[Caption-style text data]

━━━

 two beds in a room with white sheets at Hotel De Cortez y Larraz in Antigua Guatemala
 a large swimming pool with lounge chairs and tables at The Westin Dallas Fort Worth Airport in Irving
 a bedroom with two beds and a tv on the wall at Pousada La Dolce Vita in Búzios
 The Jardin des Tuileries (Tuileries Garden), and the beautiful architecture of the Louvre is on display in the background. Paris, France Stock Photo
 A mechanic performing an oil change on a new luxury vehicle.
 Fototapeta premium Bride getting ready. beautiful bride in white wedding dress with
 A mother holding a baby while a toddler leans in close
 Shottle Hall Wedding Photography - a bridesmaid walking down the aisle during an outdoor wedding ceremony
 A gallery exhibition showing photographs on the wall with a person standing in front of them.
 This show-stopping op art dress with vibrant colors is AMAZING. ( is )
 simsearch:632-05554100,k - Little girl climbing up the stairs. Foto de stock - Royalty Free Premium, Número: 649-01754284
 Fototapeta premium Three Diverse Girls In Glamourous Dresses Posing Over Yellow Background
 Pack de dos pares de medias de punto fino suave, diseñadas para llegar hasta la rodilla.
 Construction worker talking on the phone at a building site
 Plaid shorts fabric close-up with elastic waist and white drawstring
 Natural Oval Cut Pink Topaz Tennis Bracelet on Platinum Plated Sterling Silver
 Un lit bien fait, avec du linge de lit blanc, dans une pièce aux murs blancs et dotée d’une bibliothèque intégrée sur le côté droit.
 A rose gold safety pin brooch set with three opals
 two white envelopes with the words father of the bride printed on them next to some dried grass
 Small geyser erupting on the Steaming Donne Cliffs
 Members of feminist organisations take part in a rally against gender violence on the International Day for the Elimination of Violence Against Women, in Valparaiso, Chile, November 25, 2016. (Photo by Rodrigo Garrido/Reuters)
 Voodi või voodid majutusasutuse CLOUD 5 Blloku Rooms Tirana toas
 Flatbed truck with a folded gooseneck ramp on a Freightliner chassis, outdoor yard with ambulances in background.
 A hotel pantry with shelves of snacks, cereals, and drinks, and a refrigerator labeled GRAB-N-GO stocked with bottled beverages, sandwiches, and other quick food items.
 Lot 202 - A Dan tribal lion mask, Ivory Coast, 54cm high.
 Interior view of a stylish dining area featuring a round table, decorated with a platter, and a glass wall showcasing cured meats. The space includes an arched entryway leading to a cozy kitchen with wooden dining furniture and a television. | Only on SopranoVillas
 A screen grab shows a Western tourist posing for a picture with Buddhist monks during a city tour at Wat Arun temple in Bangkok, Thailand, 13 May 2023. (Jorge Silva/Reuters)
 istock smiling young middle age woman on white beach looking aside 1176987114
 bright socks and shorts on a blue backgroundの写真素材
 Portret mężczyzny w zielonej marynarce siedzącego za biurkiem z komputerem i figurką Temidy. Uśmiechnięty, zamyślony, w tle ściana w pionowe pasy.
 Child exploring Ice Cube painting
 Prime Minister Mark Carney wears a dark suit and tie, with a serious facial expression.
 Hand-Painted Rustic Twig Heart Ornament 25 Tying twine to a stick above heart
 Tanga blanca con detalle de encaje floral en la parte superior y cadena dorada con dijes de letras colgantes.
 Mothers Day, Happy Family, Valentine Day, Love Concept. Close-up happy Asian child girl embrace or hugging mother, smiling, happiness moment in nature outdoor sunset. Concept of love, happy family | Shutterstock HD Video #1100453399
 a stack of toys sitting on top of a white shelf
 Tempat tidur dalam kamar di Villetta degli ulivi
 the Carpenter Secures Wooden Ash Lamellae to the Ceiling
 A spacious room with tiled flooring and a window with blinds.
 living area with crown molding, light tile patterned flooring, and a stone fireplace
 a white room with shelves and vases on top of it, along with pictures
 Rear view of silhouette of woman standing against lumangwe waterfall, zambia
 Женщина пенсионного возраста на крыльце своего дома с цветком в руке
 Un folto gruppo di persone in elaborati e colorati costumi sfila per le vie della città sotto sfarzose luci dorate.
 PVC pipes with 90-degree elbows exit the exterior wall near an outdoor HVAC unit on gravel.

━━━

Task to carry out — Write out exactly the lines above between the line with "Small geyser erupting" and the line with "Lot 202 - A", inclusive, and nothing beyond them.

Response area —
 Small geyser erupting on the Steaming Donne Cliffs
 Members of feminist organisations take part in a rally against gender violence on the International Day for the Elimination of Violence Against Women, in Valparaiso, Chile, November 25, 2016. (Photo by Rodrigo Garrido/Reuters)
 Voodi või voodid majutusasutuse CLOUD 5 Blloku Rooms Tirana toas
 Flatbed truck with a folded gooseneck ramp on a Freightliner chassis, outdoor yard with ambulances in background.
 A hotel pantry with shelves of snacks, cereals, and drinks, and a refrigerator labeled GRAB-N-GO stocked with bottled beverages, sandwiches, and other quick food items.
 Lot 202 - A Dan tribal lion mask, Ivory Coast, 54cm high.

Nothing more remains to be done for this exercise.